When I first began attending church, I was soon introduced to the idea of a “Last Judgment.” It was a fearful idea, one that made me feel guilty and afraid of what I might face if and when I met my Maker. Many of us no doubt joined a church or made a profession of some kind in order to assure us escape from the “last judgment”. It was based on the idea that God made our physical bodies so what we did with them or didn’t would have to be reckoned with.

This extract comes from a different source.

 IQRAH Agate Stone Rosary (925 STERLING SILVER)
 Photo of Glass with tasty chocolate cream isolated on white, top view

Over the years I have come to understand that God is Spirit and no doubt the early teachings of people like Jesus were to help people understand they were not bodies but in essence and in timelessness, connected as one with their Creator and all His Creation as Spirit. Of course, the church has taught for many centuries that we were bodies and when the body dies, we just sleep for a few centuries, longer or shorter, and then arise and continue on in a place called heaven, if we passed the final Judgment. This way we can keep our forms and hopefully, gain a more perfected model of our individuality.
In a what some call “awakening,” we can become aware that we are not our bodies but spirit beings. It is the crux of the situation when in the Bible, a man named Nicodemus came to Jesus one night and ended up discussing being “born again.” When Jesus mentioned this necessity to the man in order to gain the Presence or Kingdom of Heaven, Nicodemus was shocked. Would he need to be reborn from a new mother’s womb in order to fulfill this mandate? “No,” Jesus answered, “it is a Spiritual awakening or birth.”

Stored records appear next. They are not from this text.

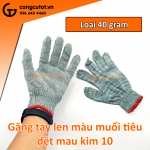 Găng tay len bảo hộ màu muối tiêu loại 40gram dệt kim 10.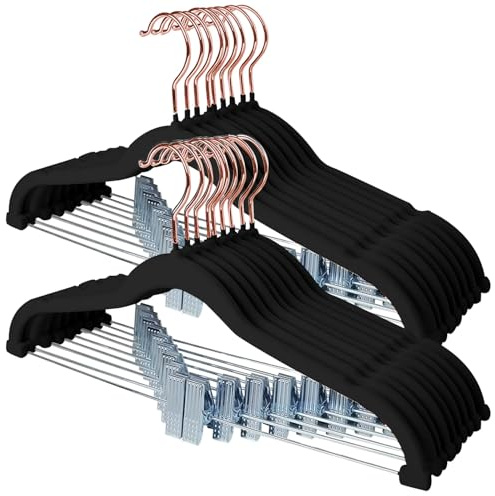 Stormix Pants Hangers, 24 Pack Vevlt Skirt Hanger with Clips, Heavy-Duty Clothes Hangers for Shorts, Pants, Skirts, Dresses, Jackets, Coat Black (Rose Gold Hook)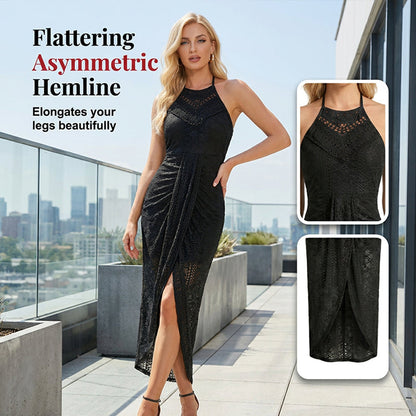 Sleeveless Irregular Halter Dress For Women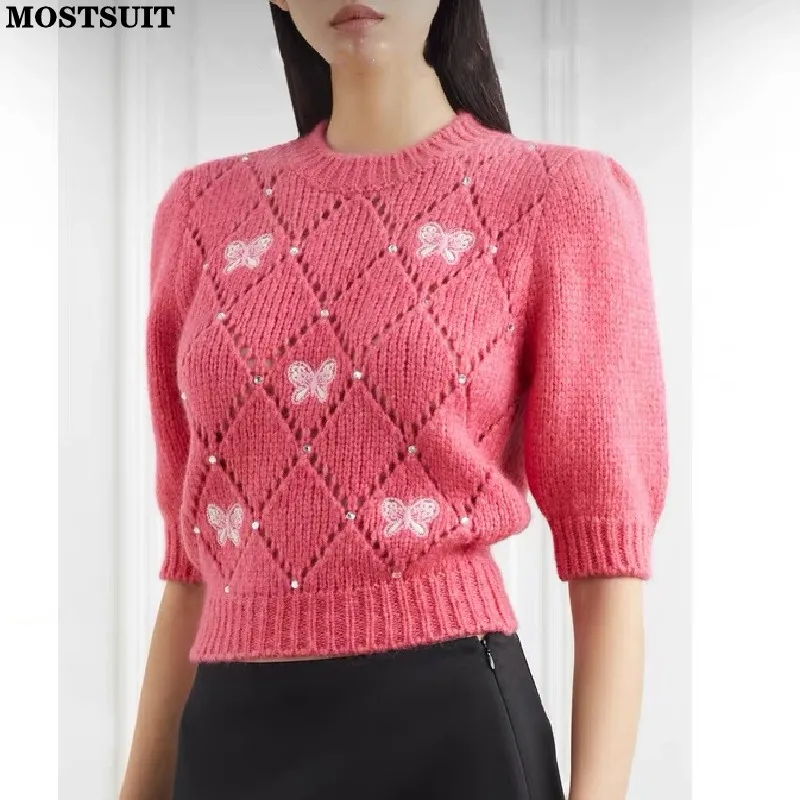 

Pink Diamonds Argyle Knit Sweater Women Vintage Elegant Chic Ladies Tops Half Sleeve O-neck Butterfly Embroidered Jumper 2024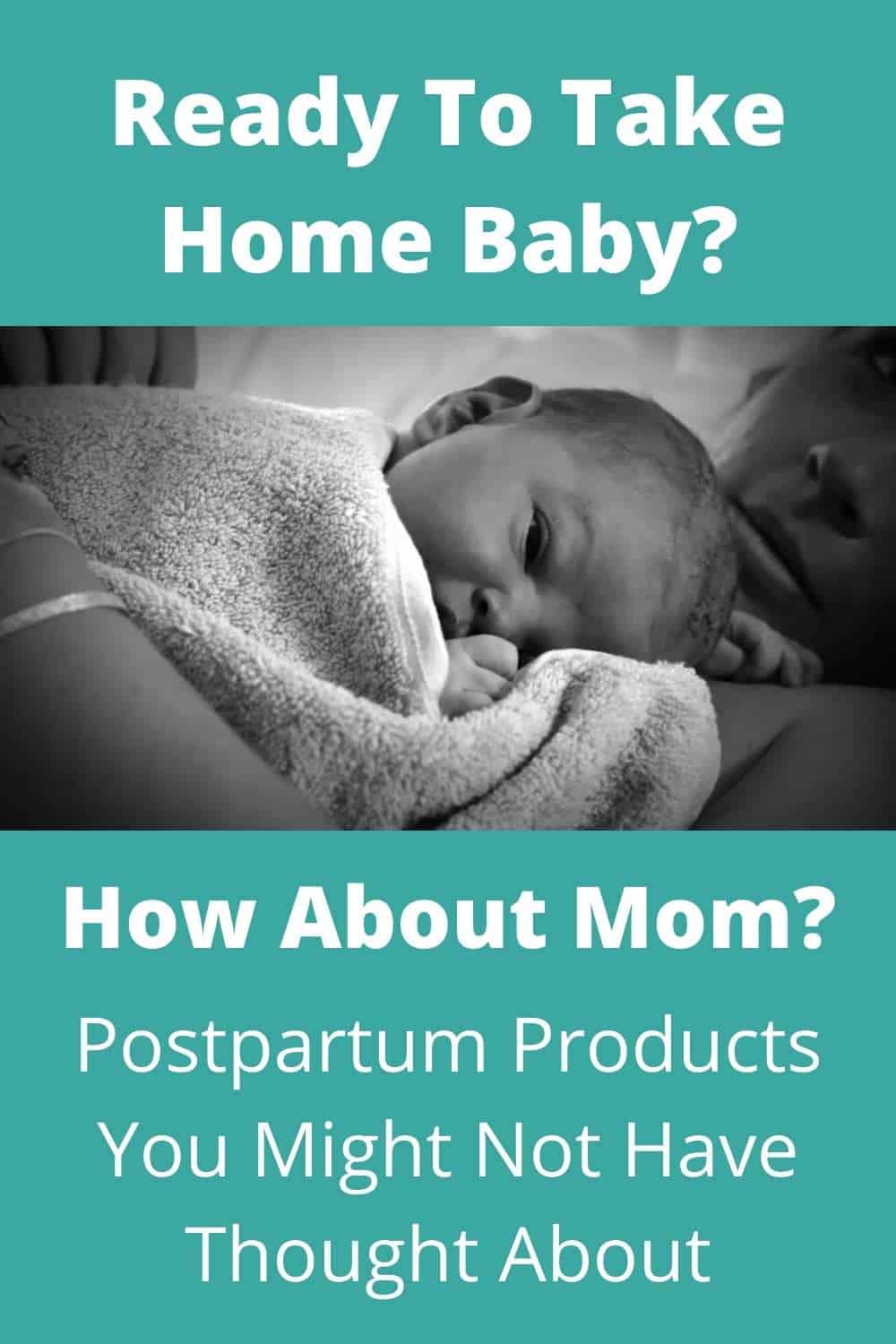 Mom holding newborn on her chest with a blanket in the hospital  Ready to take home baby?  How about mom?  Postpartum products you might not have thought about.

In the plan of awakening, humanity was to be able, and is still able, to accept forgiveness for all the false ideas and actions of the body/mind, ideas of specialness or greed, fear and unloving actions toward others, and even hatred toward the idea of a loving and merciful Creator of us all. Yet, our tendency is to forget and build up systems to preserve a life of egocentric ideas and accomplishments. Thousands of these have been created, in my view, into religious systems that preserve and maintain structures of form and rigid judgments with fear rather than a Spirit of freedom and love.
When we were raising four children in past years, we had to learn, as most parents, that when a child acts outside of acceptable boundaries, as they and we all do, we remind them of the mistake and need to rethink, and then forget it. To nag and pester a child or even another adult with their past failures is debilitating and self-defeating. It gives them and us a very self-defeating and negative self-image. I admired the school principal, who once told me in dealing with inappropriate student behaviors, he dealt with the student as the rules required, then forgot it and treated the young person as though it never happened.

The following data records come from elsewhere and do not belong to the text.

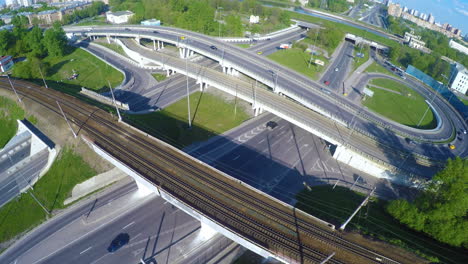 Aerial-view-of-a-freeway-intersection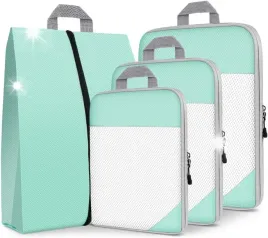 kostki-do-pakowania-organizer-podrozny-wodoodporny-nylon-4-sztuki-zielone
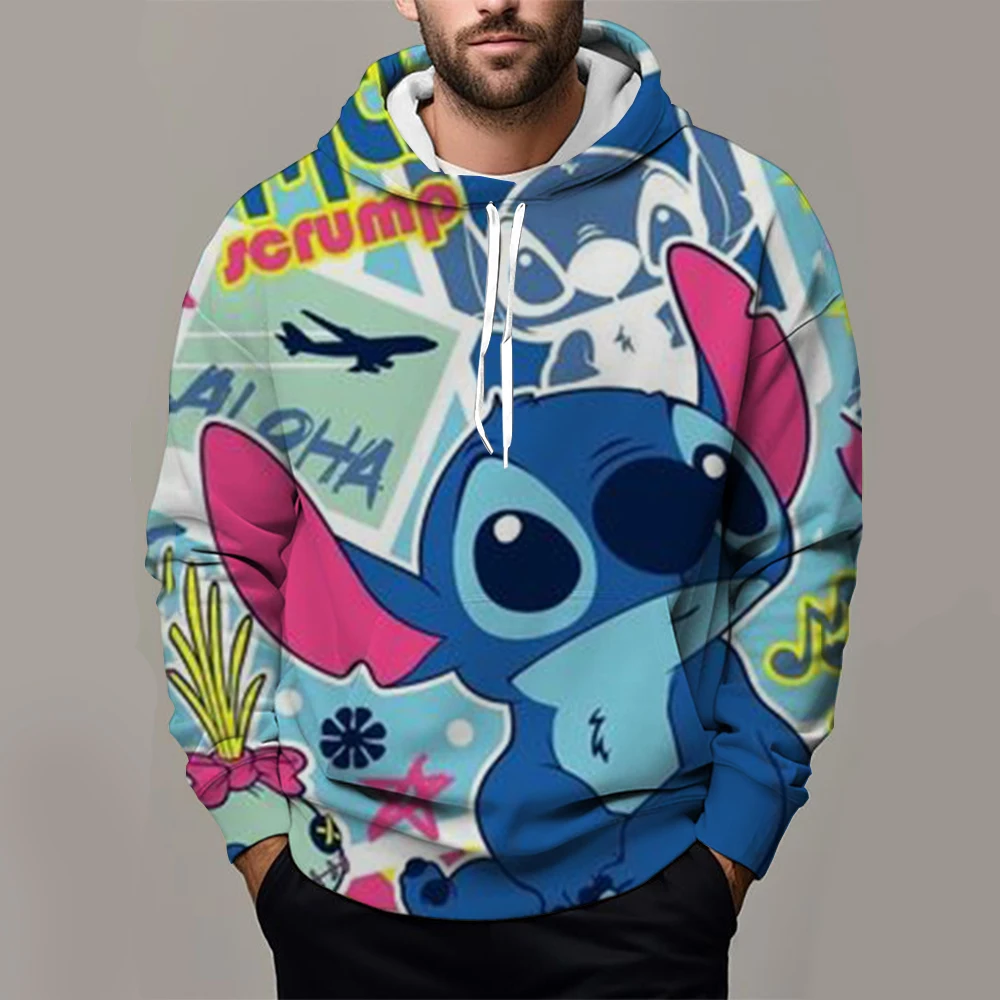 Толстовки с капюшоном Disney Lilo Stitch толстовка длинными рукавами для мальчиков и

The Last Judgment isn’t to be a fearful and damning device but simply, as the Course of Miracles describes it, a time of “right evaluation” to return us to our right minded thinking. We realize we have acting unwisely and unloving without forgiveness to ourselves and others, and then we let it go. Yes, our separation from Truth, from the Spirit God of Love has no doubt occurred over millions of years and many life times. But the process can be greatly time shortened by our forgiveness and absorption into that which is eternal, timeless, and unending love. It is not physical but it can be expressed in our lifetimes with love and forgiveness to ourselves and others. In a sense then, all the projections of the world and the hatred and mistakes we have made are as nothing. As the world and universe and time itself, they will all pass. “The world passes away and all that is in it,” the Bible says, “ but the Word of God abides forever.” As God’s children, we are part of this word, forever.
Yes, the Last Judgment simply means we finally come to the place when we are finally “self-realized” back into our eternal home, a journey in time yet without any distance at all in eternity. It is a wonderful, freeing place to be and way to walk our brief earthly journeys. We slowly learn not to take things so seriously with an ability to let them go. We overlook the insanities and futilities about us, with love and patience. We slowly learn the art of love, of sharing it with all we encounter along the way.
Judge yourselves as worthy, then! Judge yourself not according to appearance, income levels, gender, race, nationality or whatever outward form you carry, but judge yourselves as eternal beings of love, created by the loving Father, or Mother, to be that very idea from the beginning, and forever more. And be free to be, to be carried by the wind, being free forever.